Extracted information:
.....

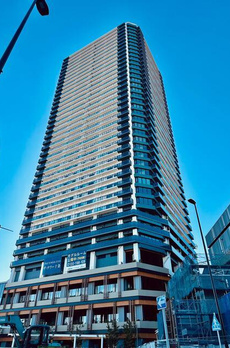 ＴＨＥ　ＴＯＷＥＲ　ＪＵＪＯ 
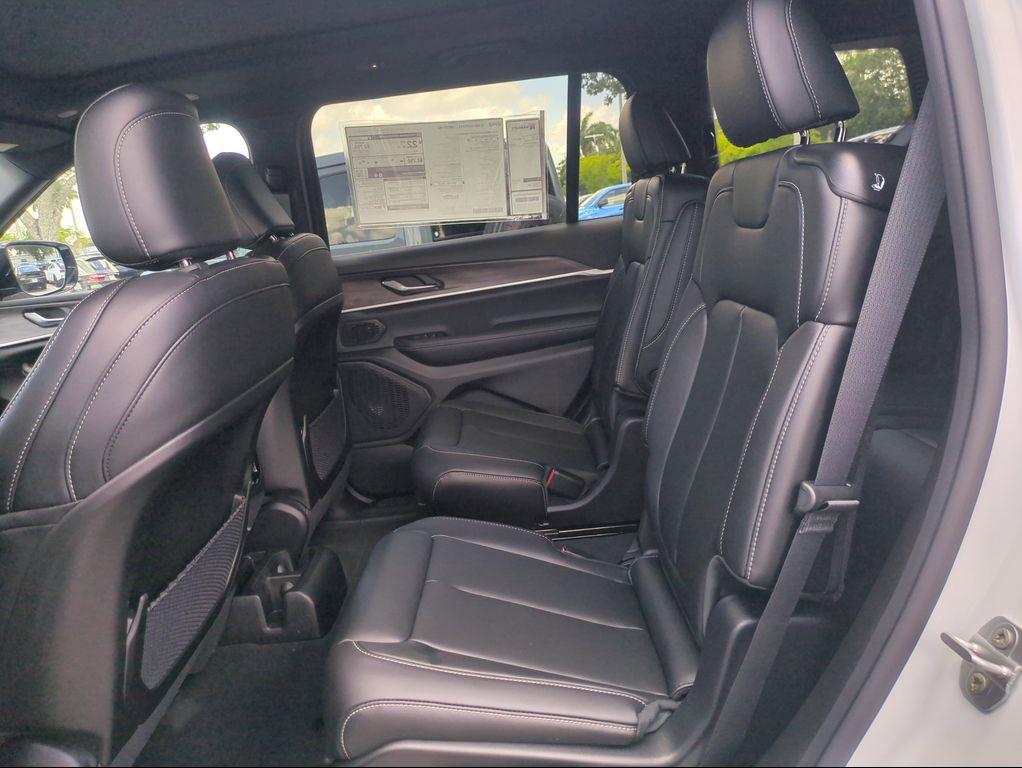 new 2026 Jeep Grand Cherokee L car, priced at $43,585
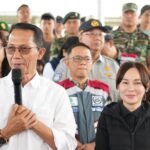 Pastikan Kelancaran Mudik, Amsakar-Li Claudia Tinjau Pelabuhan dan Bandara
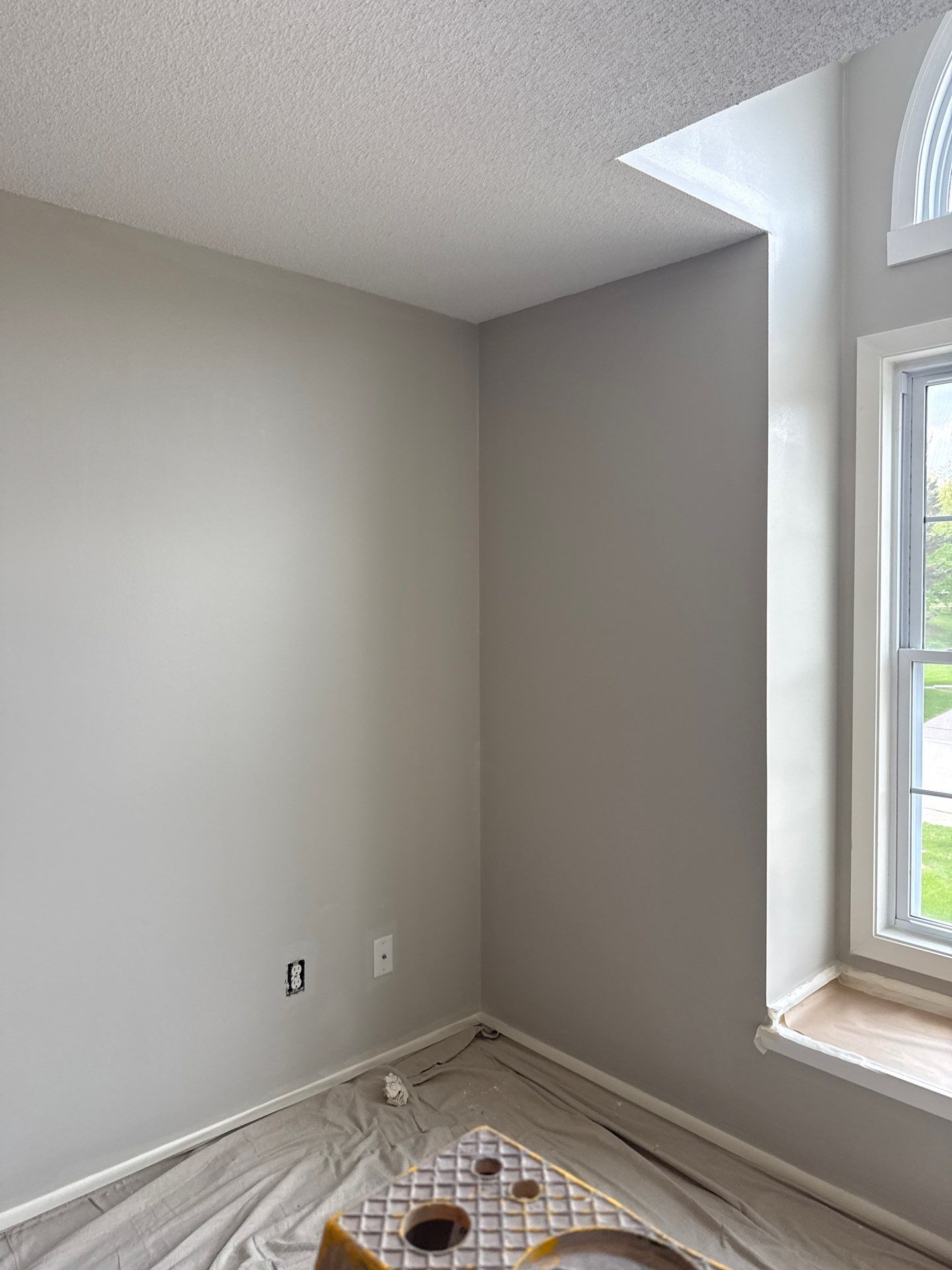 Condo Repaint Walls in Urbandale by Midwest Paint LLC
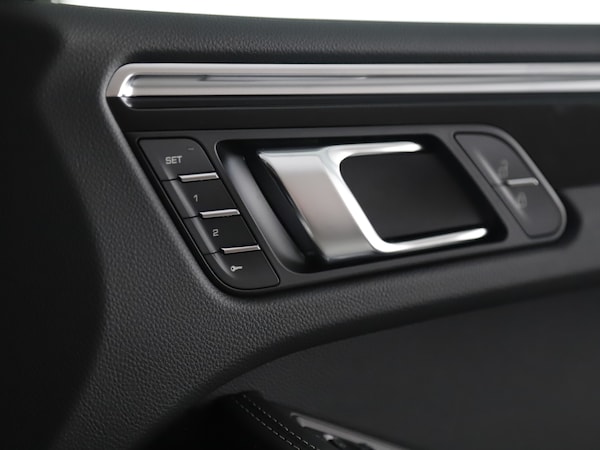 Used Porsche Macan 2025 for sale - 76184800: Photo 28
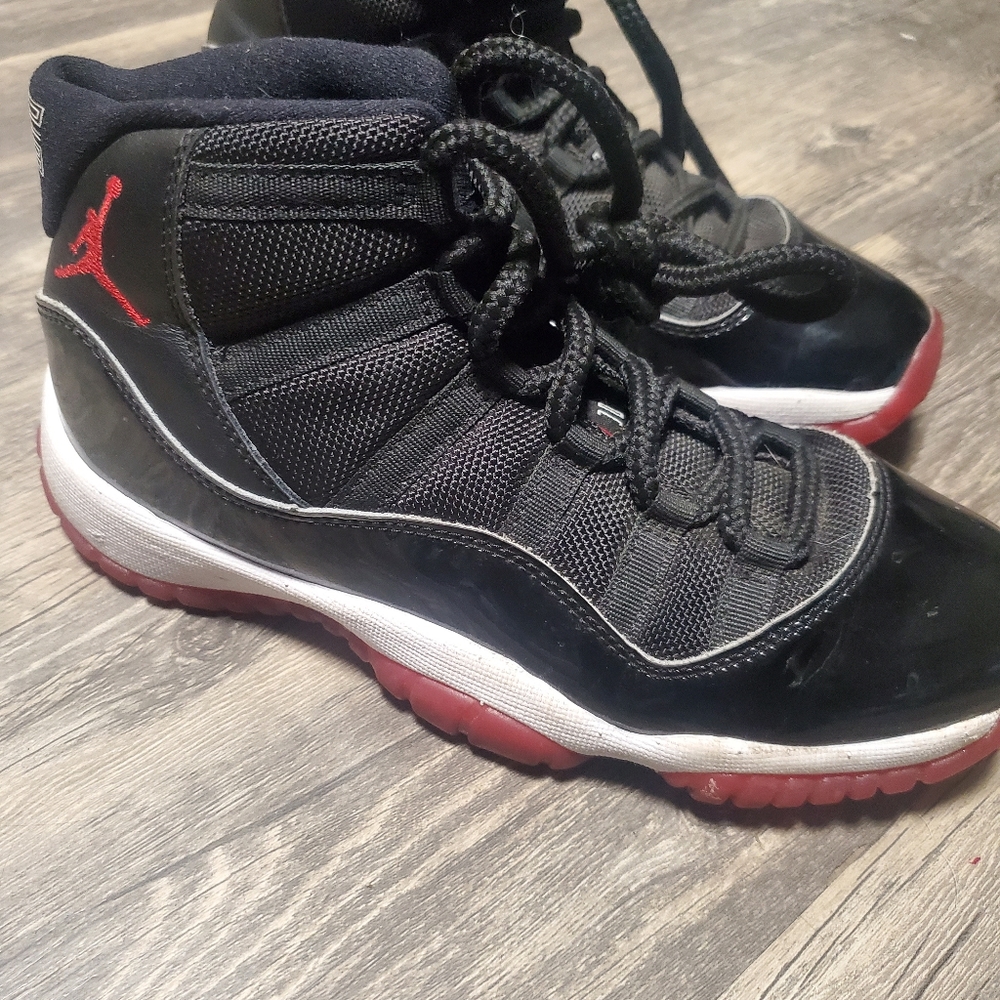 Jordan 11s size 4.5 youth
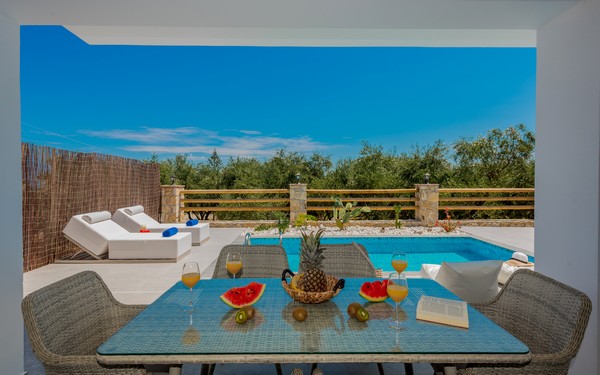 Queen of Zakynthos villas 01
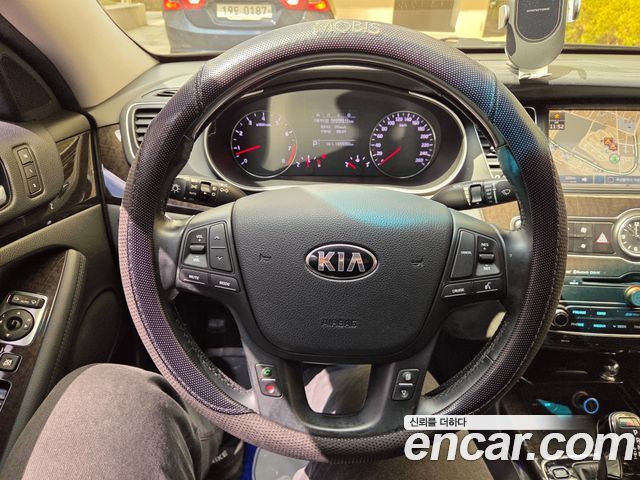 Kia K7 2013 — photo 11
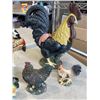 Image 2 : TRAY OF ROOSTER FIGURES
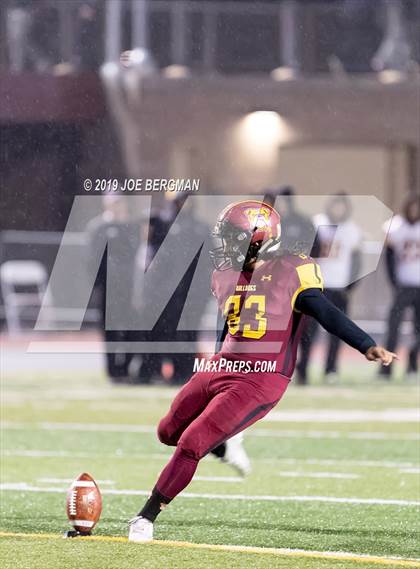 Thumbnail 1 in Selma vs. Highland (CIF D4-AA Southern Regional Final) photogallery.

.....

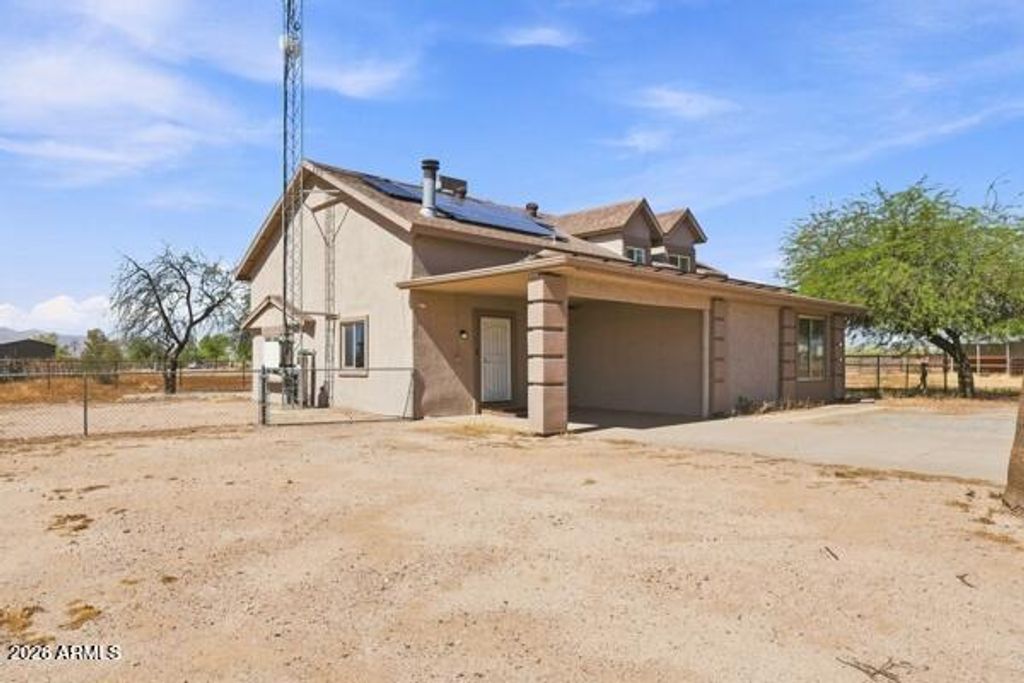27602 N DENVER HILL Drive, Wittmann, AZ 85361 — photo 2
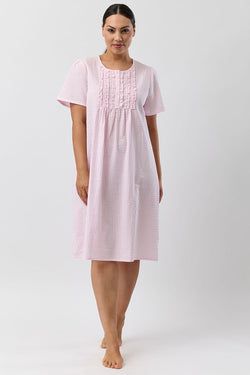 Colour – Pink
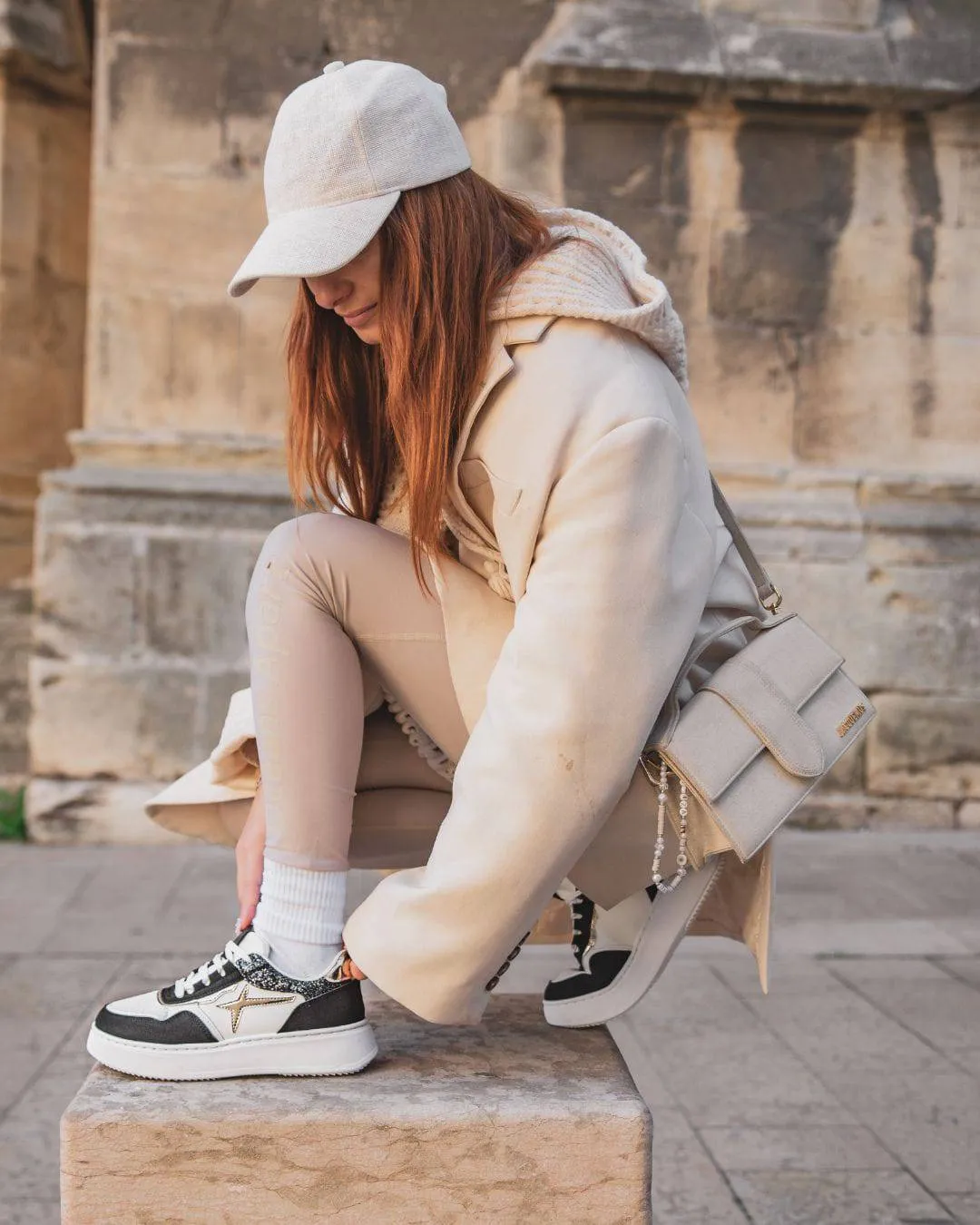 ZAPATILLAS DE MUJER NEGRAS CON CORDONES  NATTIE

.....

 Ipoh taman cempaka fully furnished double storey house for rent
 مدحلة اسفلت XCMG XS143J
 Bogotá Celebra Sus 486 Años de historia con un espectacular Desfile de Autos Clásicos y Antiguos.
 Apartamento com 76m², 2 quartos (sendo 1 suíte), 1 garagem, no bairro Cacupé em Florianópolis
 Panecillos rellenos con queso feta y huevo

.....

Directions for this task:
Retype only the lines above from the one with "Used Porsche Macan" through the one with "Thumbnail 1 in", exactly and with both ends. Images stay out.

Answer space:
 Used Porsche Macan 2025 for sale - 76184800: Photo 28
 Jordan 11s size 4.5 youth
 Queen of Zakynthos villas 01
 Kia K7 2013 — photo 11
 Image 2 : TRAY OF ROOSTER FIGURES
 Thumbnail 1 in Selma vs. Highland (CIF D4-AA Southern Regional Final) photogallery.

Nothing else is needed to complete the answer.